The Woman Next Door

The French do not have to take crash courses in order to deal with the man/woman thing. It is in their blood and in their civilization. Hence, they do not have to compensate for a habitual sexism with extravagant portraits of adventurous Amazons and Superwomen. What I always enjoyed about the French cinema even before the nouvelle vague was its keen sense of fun in the deployment of desire. I enjoyed also the Gallic infatuation with language for its own sake.

With The Woman Next Door, François Truffaut not only continued a grand tradition of sensibility, he broke new ground in his own career. The Woman Next Door is clearly Truffaut’s most Jamesian film in its mastery of oblique narrative and ironic perspective. From the opening shots of Madame Jouve (Veronique Silver) framed incongruously against a background of tennis players, to the closing shots of the devastating denoument viewed from an overhead angle that is compassionate rather than condescending, the narrative never loses its thrust or tension, despite repeated shifts in the point of view. First, there is Madame Jouve, with her somber fatalism augmented by Georges Delerue’s mournful melodiousness. She knows all about the mad love of Bernard Coudray (Gerard Depardieu) and Mathilde Bauchard (Fanny Ardant). They had been lovers seven years before the picture begins, and they parted violently. Each married and each had a son named Thomas. Then one day in Grenoble the Coudrays discover that they have new next-door neighbors named Bauchard.

An aside in the narration tells us that many movies are about a house, and that The Woman Next Door is actually about two houses. This aesthetically self-conscious digression also provides us with a rationale for the improbable contrivance that is required to set the tragedy into motion. It is essential that Bernard and Mathilde meet again after seven years without any premeditation on their part.  As their reunion takes one disastrous turn after another, Truffaut weaves an intricate tapestry of background detail. Madame Jouve watches the intrigue unfolding from her privileged vantage point in her tennis club. We learn that Madame Jouve is permanently crippled because of a failed suicide leap years ago when her lover abandoned her for a marriage and a career in New Caledonia. When he returns from New Caledonia to see her, she hides in Paris not to see him.  Her own emotional misadventures thus endow her with mystical insights into the tortured destiny of Bernard and Mathilde.

A further link is established between the narrator and the subjects of her narrative when Madame Jouve’s homosexual confidante, Ronald Duguet (Roger Van Hool), decides to publish Mathilde’s illustrated children’s books.

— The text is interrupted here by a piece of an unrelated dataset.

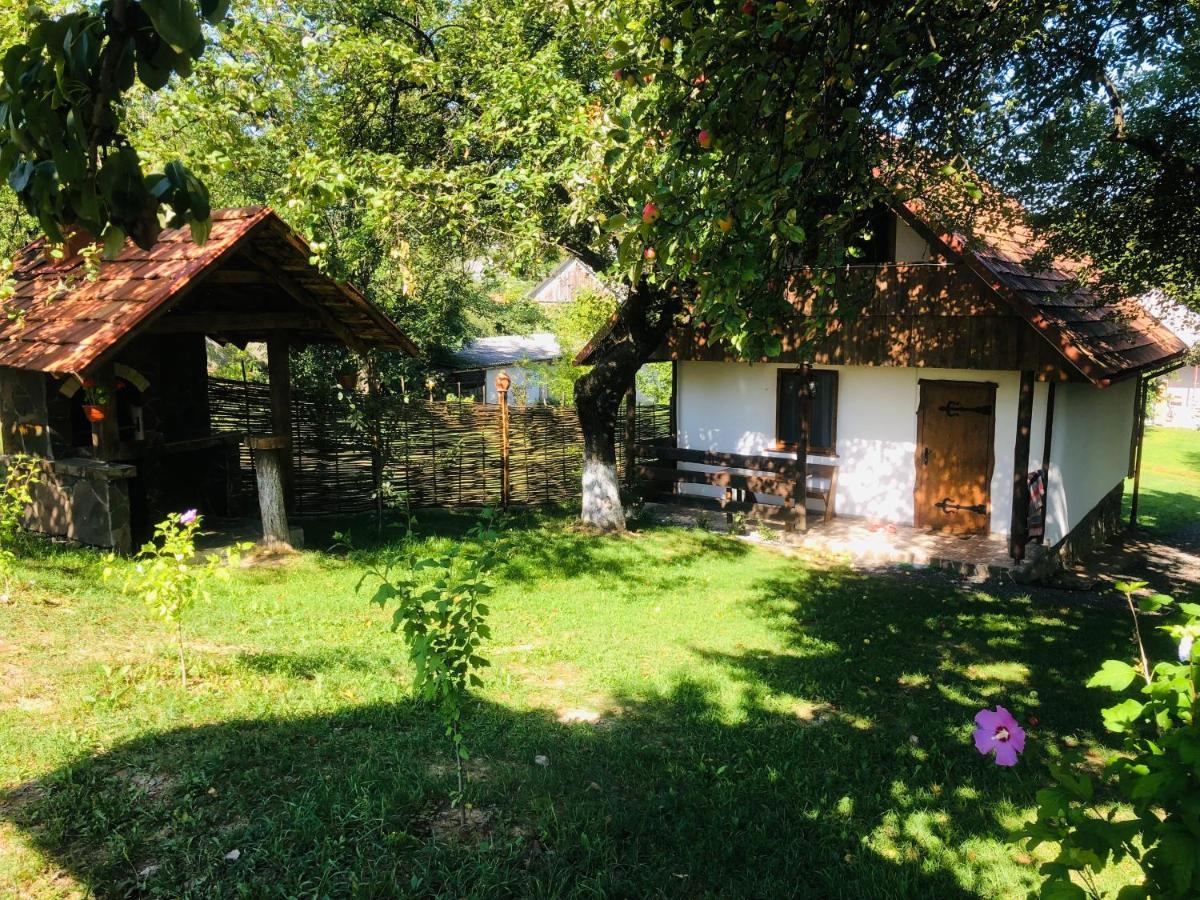Еко Дім З Соломи Vila Solochin Exterior foto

Truffaut thus continues to make cinema even with the very incidental information about what the various characters do for a living. Mathilde is seen in the process of drawing pictures, her husband Philippe (Henri Garcin) in the process of going to work as an air controller, and most visually of all, Bernard, as an instructor of sea captains, in the operation of small-scale model oil tankers, an implied continuation of childhood play that is a possible key to his neurotic behavior.

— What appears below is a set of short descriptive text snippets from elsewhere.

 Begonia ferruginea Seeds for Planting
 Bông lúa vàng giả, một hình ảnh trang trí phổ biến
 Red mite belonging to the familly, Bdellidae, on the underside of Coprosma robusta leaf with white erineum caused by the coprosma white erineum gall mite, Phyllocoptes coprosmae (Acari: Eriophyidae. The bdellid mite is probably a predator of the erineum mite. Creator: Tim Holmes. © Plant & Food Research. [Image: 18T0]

Yet, in the end, The Woman Next Door is not about what people do but about what they feel and think as they plunge into the abyss of their uncontrolled emotions.  Unfortunately, the timing of the two lovers is way off. And since they are never really in synch with each other, Madame Jouve proposes as their joint epitaph, “They could never live together, and they could never live apart.” In the old days of factional film criticism, Truffaut might have aroused doubt about his tendency to juggle the humanist and noir-ist tendencies in his artistic personality. Today, however, when so much of the screen is saturated with mindless violence and paranioa, his viewpoint seems more merciful than morbid.

For myself, I have not been so moved by a Truffaut film since Shoot the Piano Player. All the best of Truffaut’s obsession with women and love of narrative cinema is to be found in The Woman Next Door. Not since Bernardette Lafont of Les mistons and Marie Dubois of Shoot the Piano Player had Truffaut come up with two such exciting new female faces as Fanny Ardant (Mathilde) and Veronique Silver (Madame Jouve). In the realm of psychological analysis, few films can match Mathilde’s chilling self-appraisal after her nervous breakdown.  It is almost superflous to say that Gerard Depardieu as Bernard Coudray remains one of the axioms of the contemporary French cinema. After The Woman Next Door, Truffaut’s detractors had to abandon the argument that he had remained encased in his autobiographical shell. With Bernard, Mathilde, and Madame Jouve, Truffaut broke out with grace and eloquence.